Most similar economic information can be considered news – and with news there is often a lot of noise. Therefore, it is necessary to extract valuable information in the form of the signal contained in the latest economic figures. Basically, there are four of these indicators that interest me immediately.
Let’s start with the Indian manufacturing sector where we have the S&P Global India Manufacturing Purchasing Managers’ Index. This index is seasonally adjusted and for July it was 56.4 while it was 56.2 for August. The report further highlights that production volumes have been supported by a recovery in exports and optimistic projections for the coming year.
The level of optimism was also the highest in six years. Since businesses have their skin in the game, their expectations guide their decisions and they have appropriate incentives to behave rationally than most other economic agents. Perhaps this is why their optimism is also reflected in their decisions to invest in capacity expansion, as credit utilization has been decent. Overall, growth in the manufacturing sector looks decent.
Another indicator that should be used to corroborate this would be the Periodic Quarterly Labor Force Survey (PLFS).
The unemployment rate in the economy fell to 7.6% between April and June 2022 and it is the lowest since the start of the survey in the first quarter of 2018. Another indicator of the labor market that is often of interest is labor force participation rate (LFPR). , which is defined as the percentage of people who are working or looking for work in the population. The LFPR has steadily increased over the past few quarters and was 47.5% during the April to June 2022 round of the survey.
Now let’s move on to a high-frequency indicator that gives us an idea of consumption. TPS collections in August stood at Rs 1.44 lakh crore – the sixth consecutive month for a raking above Rs 1.4 lakh crore. The rigorous effort underway to combat tax evasion may explain, at the margin, the improvement in tax collection. However, the third part of the puzzle is explained by higher levels of consumption and economic activity. Some claim it is also because of higher levels of inflation. However, simple increases in inflation will not increase GST collections, as higher prices can suppress consumption.

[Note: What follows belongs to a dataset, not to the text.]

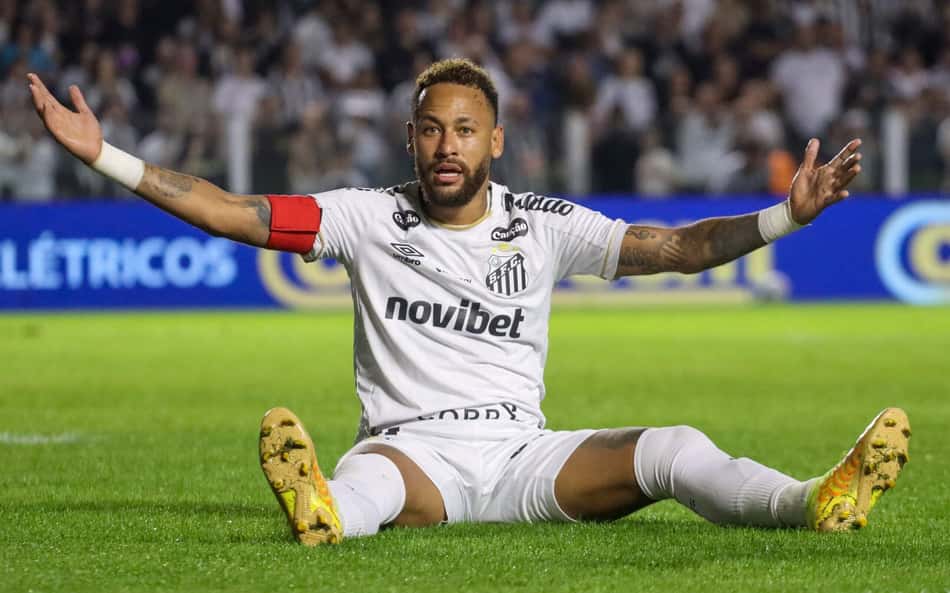 Neymar converte pênalti e garante empate para Santos contra Chape (Foto: THEO DAOLIO/EKOBANPRESS/FOLHAPRESS)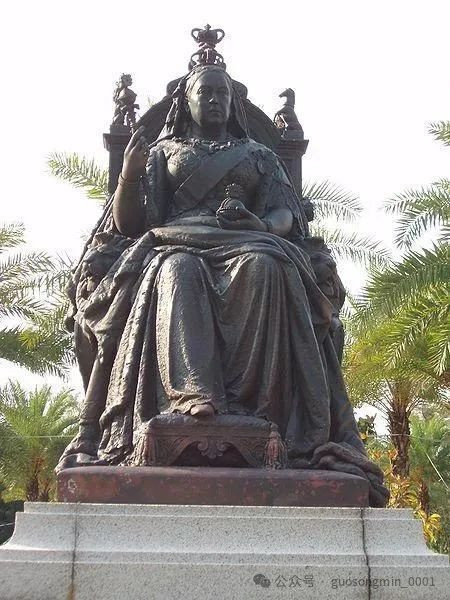 郭松民:也谈香港应该建立谁的铜像?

In addition, retail consumer price inflation has been well below the recent implicit GDP deflator.
Now let’s get to the elephant in the room, which is the recent GDP printout for the first quarter of FY23. The economy grew 13.5%, which was below expectations for an impression above 15% for the first quarter. However, the implicit deflator of real GDP – ie nominal GDP – was 13.2%. This is larger than expected by many, but is the result of the methodology used to arrive at the national income estimates.
High crude prices certainly added to the deflator. India’s first quarter nominal GDP came in at 26.7%, which is exceptionally good and the discrepancy between the real GDP projections and the actual data is largely explained by the underestimation of the GDP deflator.
It is also important to add the context in which these figures were published. India’s impression in the first quarter was most certainly accompanied by a synchronized global deceleration in growth rates. China’s growth in comparison over the same period was 0.4%.
In addition, several central banks, including the Reserve Bank of India’s Monetary Policy Committee, have started a process of raising interest rates to slow growth and rein in inflationary impulses. In this context and given the ongoing growth recovery process, India’s first quarter should please our decision-makers.
There is a sense of optimism around India’s growth story – and this optimism is rooted in political stability, consistent policy reforms and a continued effort to make things better, even if at times the pace of improvement seems slow.
However, at least in the short term we need to revise our expectations for the current fiscal year given the global economic environment and the fact that the RBI’s rate hikes are aimed at controlling inflation by slowing growth. An annual growth rate of 7% would be A+, but 6.8% would be no less than an A and since growth is often noted on a curve, a 6.8% could invariably end up being A+.